J. Michael Cook, a director on the boards of various public companies, said he opposes additional significant new requirements that would take time away from audit committees' other responsibilities. Cook would prefer a people-oriented best practices approach rather than mandated communications. He said that information about the tone at the top is some of the most important information he receives, but if the Board tried to include that in its standard, it would have to define the term with great precision. It is preferable to make it a best practice because to institutionalize it would be to kill it, in his view.

Robert Dohrer with McGladrey & Pullen, LLP cautioned that when there is a principles-based approach, the response is a hue and cry for guidance which results in a lengthy list of things to consider which turns into a checklist. That in turn leads to boilerplate and over-communication, he said.

The proposed standard adds new issues which the auditor must communicate to the audit committee if management has not adequately done so. The standard also would add a requirement for the auditor to communicate to the audit committee any consultations outside the engagement team related to significant accounting matters, such as discussions with the national office or industry specialists. The Board said there appeared to be a consensus that the audit committee benefits from the auditor's insight about the strengths and weaknesses in the company's financial reporting.

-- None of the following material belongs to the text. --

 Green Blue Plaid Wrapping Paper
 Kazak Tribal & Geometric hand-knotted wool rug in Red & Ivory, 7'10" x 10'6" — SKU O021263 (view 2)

Cook was troubled by the proposal to require the auditor to communicate certain information to the audit committee if management fails to do so. The Board has no authority to dictate communication responsibilities for management, but it would do so through a backdoor auditor communication process, in his view. He said a judgment framework would be a superb addition to the proposal. Write the principle and let the auditor decide what is important to communicate to the audit committee, he urged.

Some of the comment letters suggested that the two-way communication should not be limited to the auditor's inquiry of the audit committee about the risks of material misstatement, particularly if further information becomes available to the audit committee or the audit committee believes the auditor's assessments or conclusions might be incomplete or incorrect. Since the Board does not have oversight of audit committees, it sought views about other ways to promote effective two-way communications without being able to impose any requirements on the audit committee.

Robert Kueppers, the deputy chief executive officer at Deloitte LLP, said there should be no more than a handful of "absolute musts" in the standard. Related party matters, which is not in the current draft, should be among the musts, in his view. The Board is trying to mandate what the auditor should do, but it has authority over only one corner of the triangle, he said. PCAOB Chief Auditor Martin Baumann said a more principles-based standard might work for experienced people like those around the table, but asked about the need for more precise standards for less experienced people.

Turner said the idea of a checklist for less experienced auditors is not a bad idea. Investors want to know that auditors have asked all of the right questions, he said. He said that a principles-based approach has not worked all that well and the track record for assessing the tone at the top is not very good. Donald Nicolaisen, a former chief accountant at the SEC, said there are endless resources for best practices.

The comment letters contained mixed views on the proposed requirement that auditors document all communications in sufficient detail that an experienced auditor with no previous connection with the engagement could understand the communications. The Board sought additional views on the risks of allowing some communications to be made orally.

The proposed standard also would require the auditor to communicate directly to the audit committee its views on the company's accounting policies, practices and estimates or other communications as required by the SEC. Beresford recommended that the Board delete a paragraph on critical accounting estimates, which he said was a matter for the SEC to consider in connection with MD&A. This is not an area on which the Board should ask auditors to focus.